I was asked to produce a photorealistic render of a new performance screw by my friends at KAL Group. So, I thought I’d put together a bit of an overview of its construction.
I started out with the technical diagram of the screw (in the form of a PDF). I used that to create a bunch of viewport images that I could use for reference when building the geometry. One thing I had to do initially however, was correct the aspect ratio of the diagram – which was slightly stretched. I was able to build a very accurate model from the diagram alone, however it wasn’t obvious how the underside of the screw head was constructed.
When I received the physical item, it differed slightly to the technical diagram. I updated the model to take into account the differences. Also, being an uber-nerd, I used a Veho USB Microscope to get a good close up of the screw. If you haven’t seen a USB microscope, I recommend getting hold of one. They’re quite inexpensive (around £40) and come in really handy for stuff like this.
Creating the body of the screw was relatively straightforard, however matching the thread to the technical diagram took a fair bit of trial and error. To compound things, this particular screw had saw teeth towards the front, along with a semi-circular rebate cut out of the tip. In the end, I lofted the thread onto a helix spline. I then applied a series of loft adjustments to vary the width and size of the thread along the length of the screw. Finally, I applied a couple of boolean operations to cut the teeth and semi-circle. It was kind of like replicating the real-life sequence used to create the screw in the factory, with tools (boolean objects) applied in sequence to remove bits of geometry.

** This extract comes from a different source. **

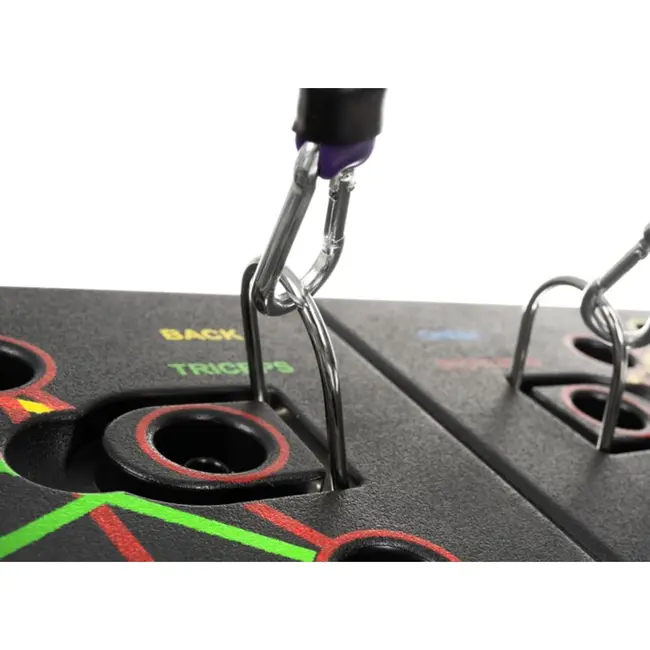 Trizand Fitnessbord: 25-in-1 Multifunctionele Training voor Thuis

For the final image, the client requested that I extend the thread further up the screw – so the final version differs again from the physical screw:
Finally, rendering. There are only two materials in the scene, both are metallic. The final images were rendered at 4000 x 4000 pixels – more than enough for most uses. A fair amount of manual clean-up work was required for the boolean areas (the sharp bit at the front!) both in the geometry and final renders. The final images were a composite of diffuse render, with an ambient occlusion layer to enhance the thread. I also added an alpha channel so the screw could accurately be extracted from the background.